The principles of user interface design are intended to improve the quality of user interface design.

== Principles ==
According to Lucy Lockwood's approach of usage-centered design, these principles are:

- The structure principle: Design should organize the user interface purposefully, in meaningful and useful ways based on clear, consistent models that are apparent and recognizable to users, putting related things together and separating unrelated things, differentiating dissimilar things and making similar things resemble one another. The structure principle is concerned with overall user interface architecture.
- The simplicity principle: The design should make simple, common tasks easy, communicating clearly and simply in the user's own language, and providing good shortcuts that are meaningfully related to longer procedures.
- The visibility principle: The design should make all needed options and materials for a given task visible without distracting the user with extraneous or redundant information.

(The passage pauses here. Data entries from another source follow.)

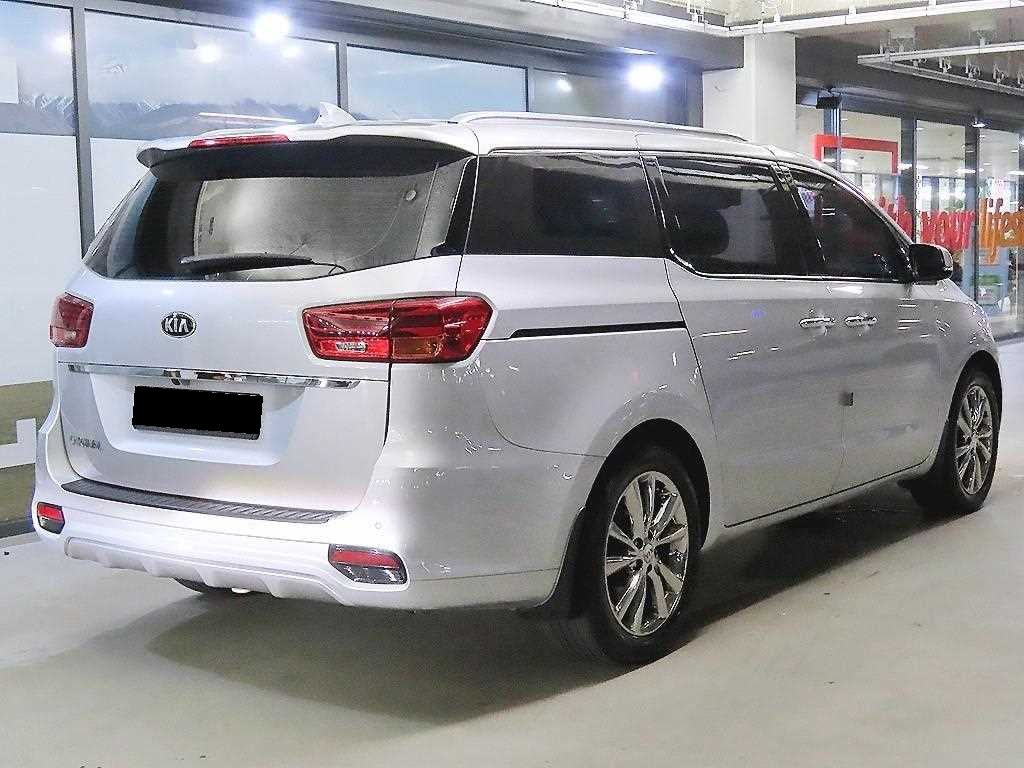 Kia Carnival — photo 04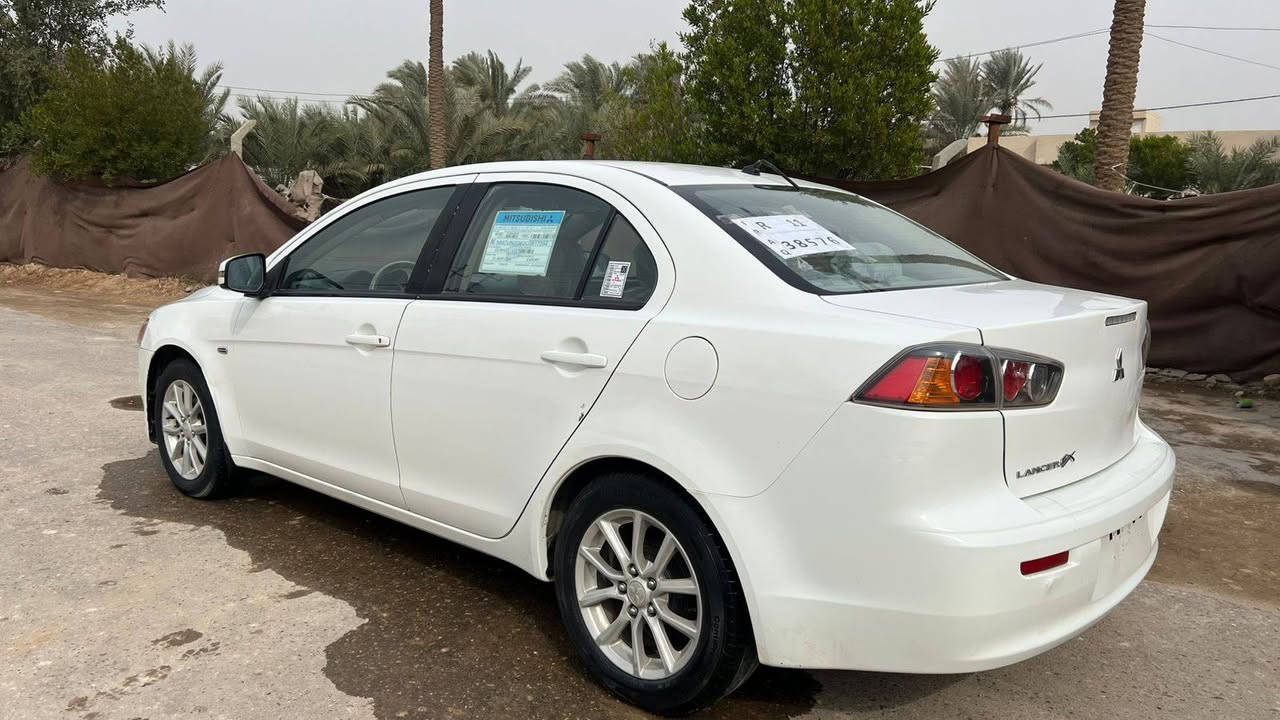 لانسر  قرش موديل ١٦
رقم بغداد دولي باسمي 
سنوية لغاية ٣١
محرك مامفتوح بلادي 
كير مامفتوح بلادي 
تبريد ثلج تدفئه جمر 
مكفوله عدا الجاملغ الايمن مبدل 
والباقي مكفول بدون دواخل 
حداديه اماميه خلفيه جديده 
تخم تاير جديد
كهربائيات كلهه شغاله 
السعر 98 وبيها مجال 
مكان السياره بابل السده 
رقم الهاتف ***********
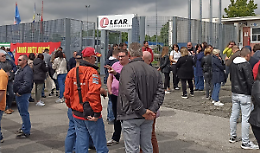 Spunta un imprenditore interessato a Lear, ma non a tutti i suoi 380 lavoratori
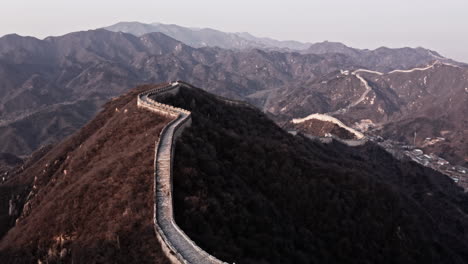 Toma-Aérea-De-La-Gran-Muralla-China-Que-Serpentea-A-Través-De-Las-Montañas-Cerca-De-Beijing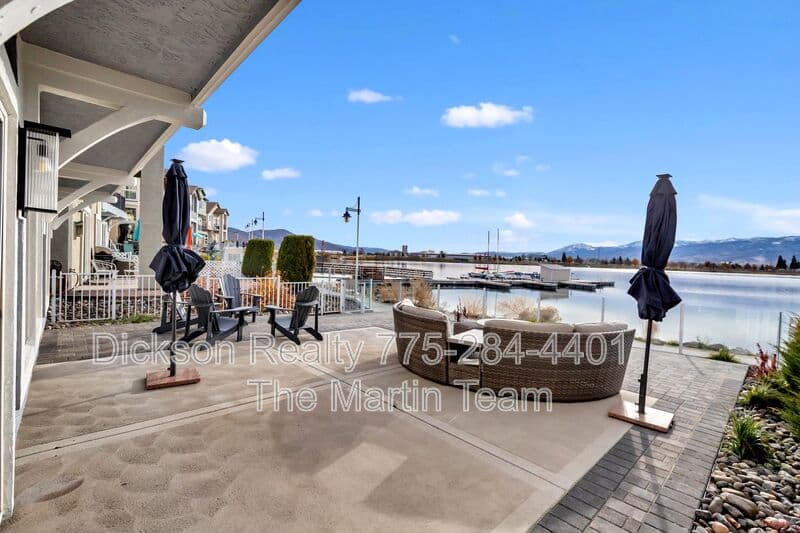 Sparks House: 1165 Harbour Cove Court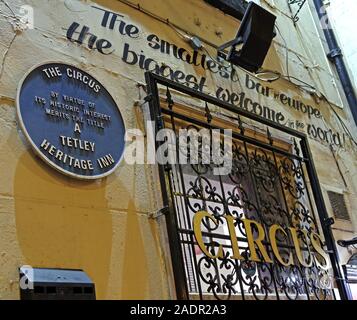 Der Circus Tavern Pub, 86 Portland Street, Manchester, M1 4GX - Kleinste Pub in Europa, Außenfassade Stockfoto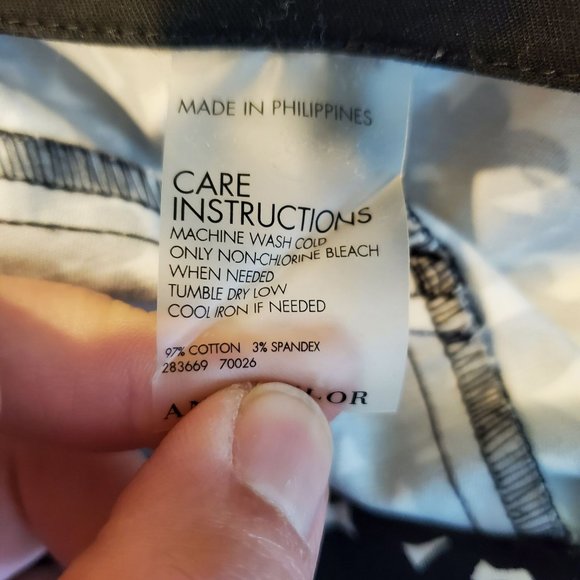 Ann Taylor black and white floral skirt. Size 12. Very‎ good condition. - Picture 6 of 7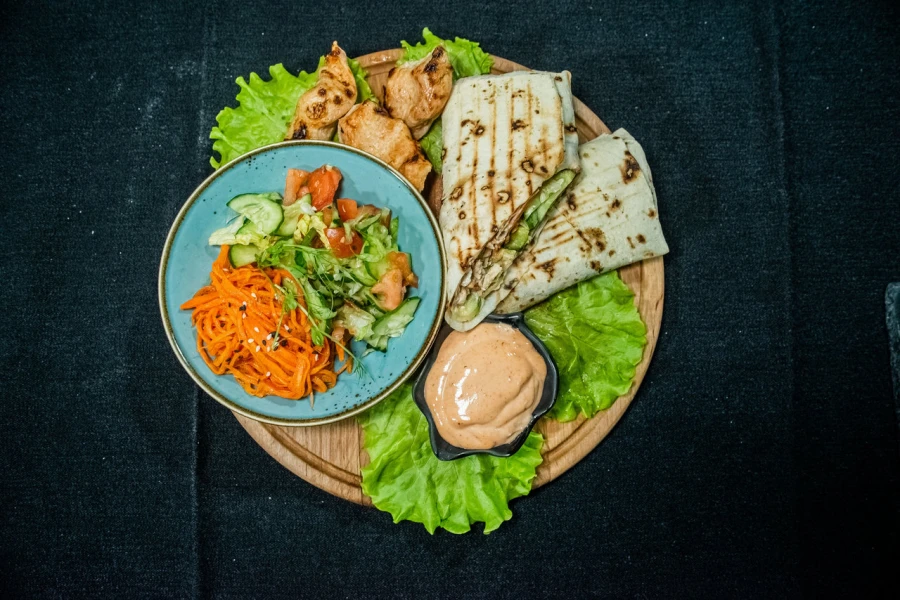 Шаурма с шашлыком из куриного филе и фирменным соусом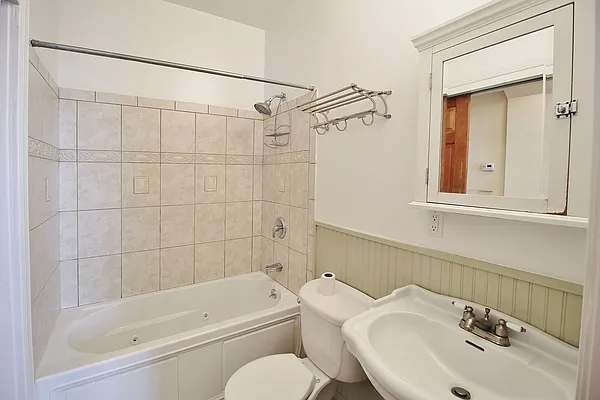 Rented by Julianna Realty Corp | media 23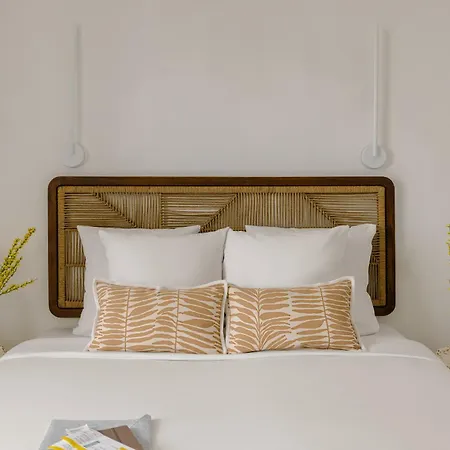 Hotel Yelo Lumiere Powered By Sonder 4*
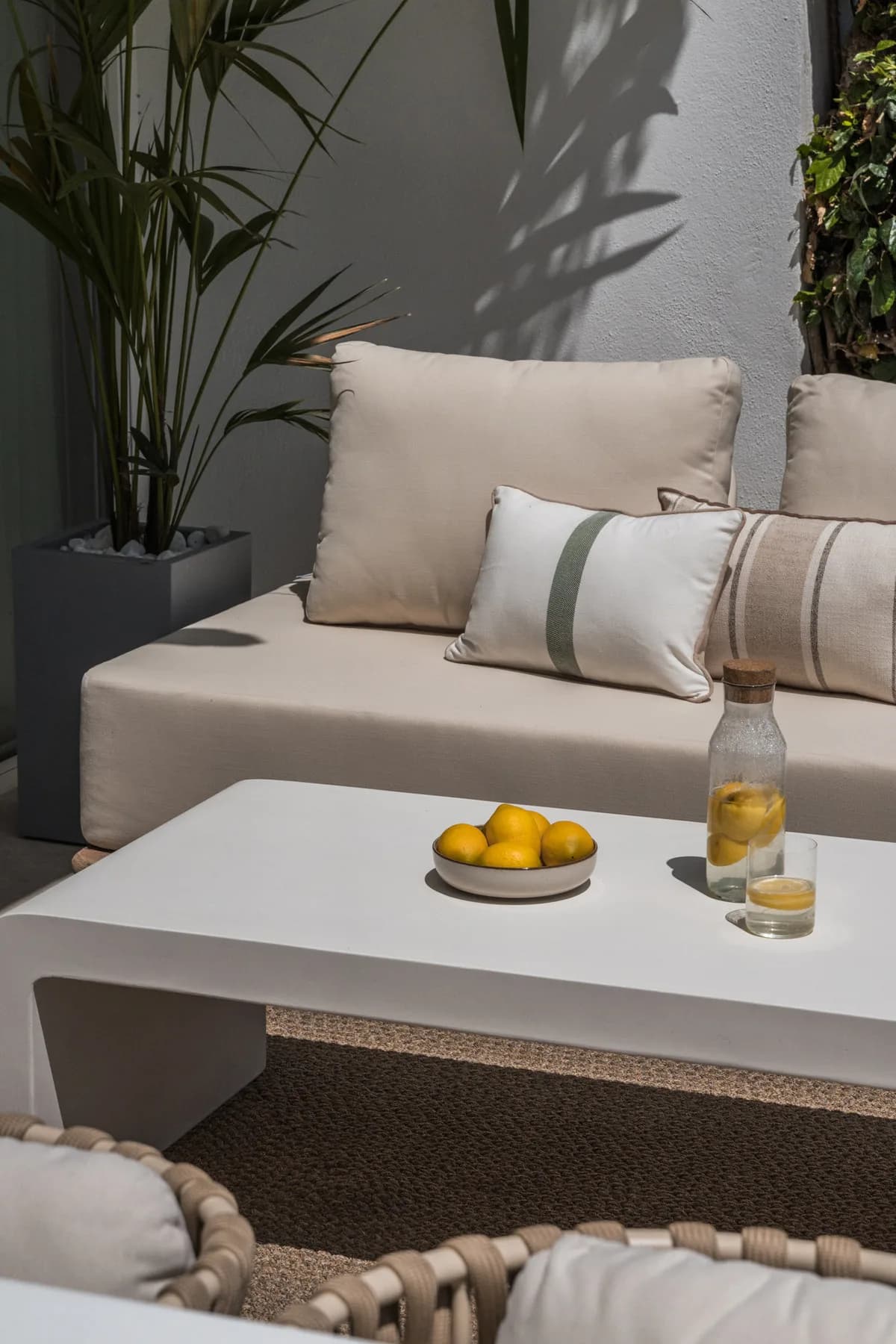 4 Bedroom Ground Floor Apartment for Sale in Aloha, Málaga - Image 5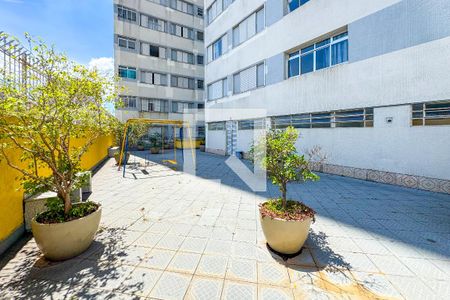 Apartamento à venda com 74m², 2 quartos e 1 vaga Apartamento à venda com 74m², 2 quartos e 1 vagaÁrea comum - Playground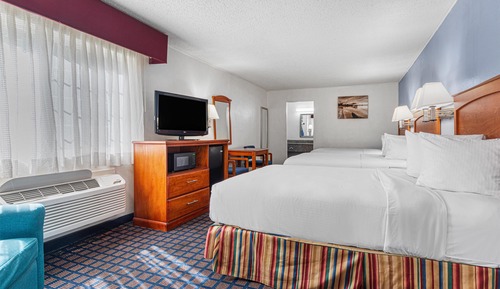 Standard Room, Multiple Beds, Non Smoking, Refrigerator & Microwave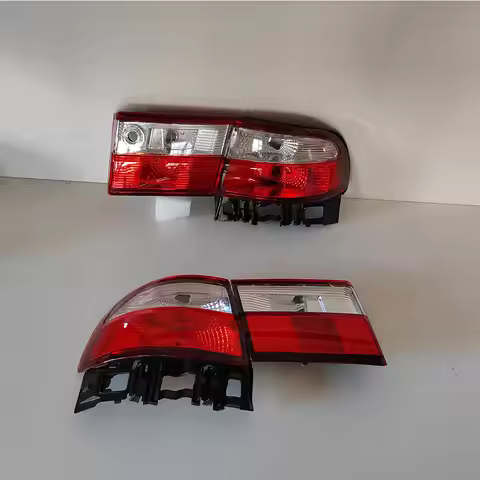 Car Brake Lights For Toyota Corona Caldina AT190 AT191 ST190 ST191 Automobile Taillights Turn Signal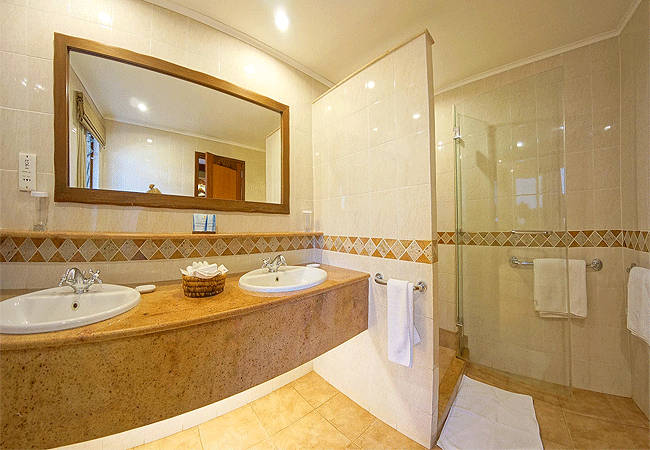 kilaguni-serena-safari-lodge-bath-shower Kilaguni Serena Safari Lodge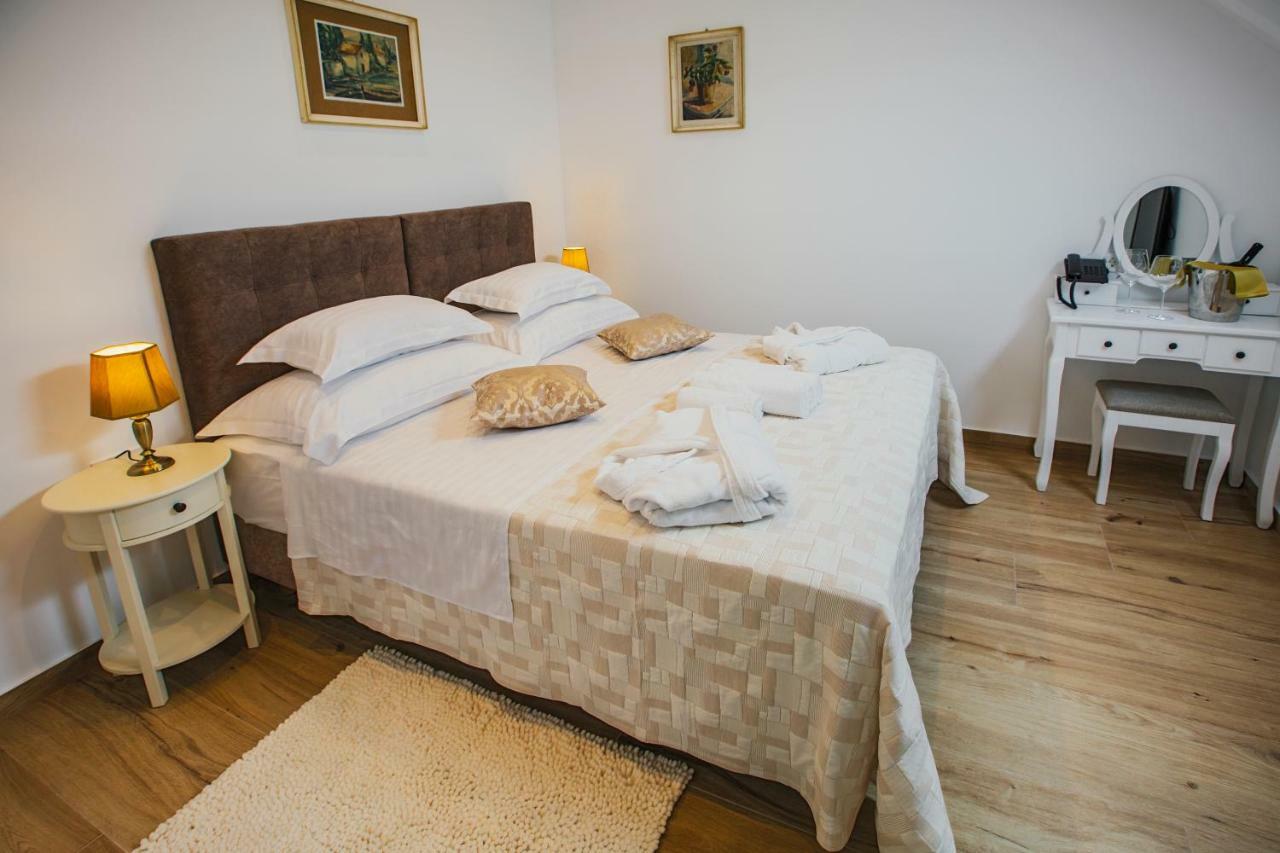 Heritage Hotel Dea Hvar Hvar Town Buitenkant foto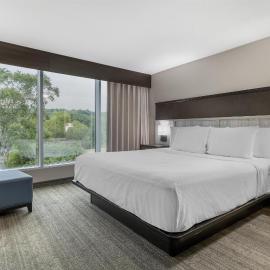 Best Western Plus Chocolate Lake Hotel - Halifax، فندق في هاليفاكس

Good designs don't overwhelm users with alternatives or confuse with unneeded information.
- The feedback principle: The design should keep users informed of actions or interpretations, changes of state or condition, and errors or exceptions that are relevant and of interest to the user through clear, concise, and unambiguous language familiar to users.
- The tolerance principle: The design should be flexible and tolerant, reducing the cost of mistakes and misuse by allowing undoing and redoing, while also preventing errors wherever possible by tolerating varied inputs and sequences and by interpreting all reasonable actions reasonable.
- The reuse principle: The design should reuse internal and external components and behaviors, maintaining consistency with purpose rather than merely arbitrary consistency, thus reducing the need for users to rethink and remember.

== Laws ==
According to Jef Raskin there are two laws of user interface design:

- First Law: A computer shall not harm your work or, through inactivity, allow your work to come to harm.
- Second Law: A computer shall not waste your time or require you to do more work than is strictly necessary.

Additionally he mentions that "users should set the pace of an interaction", meaning that a user should not be kept waiting unnecessarily and that an interface should be monotonous with no surprises "the principle of monotony".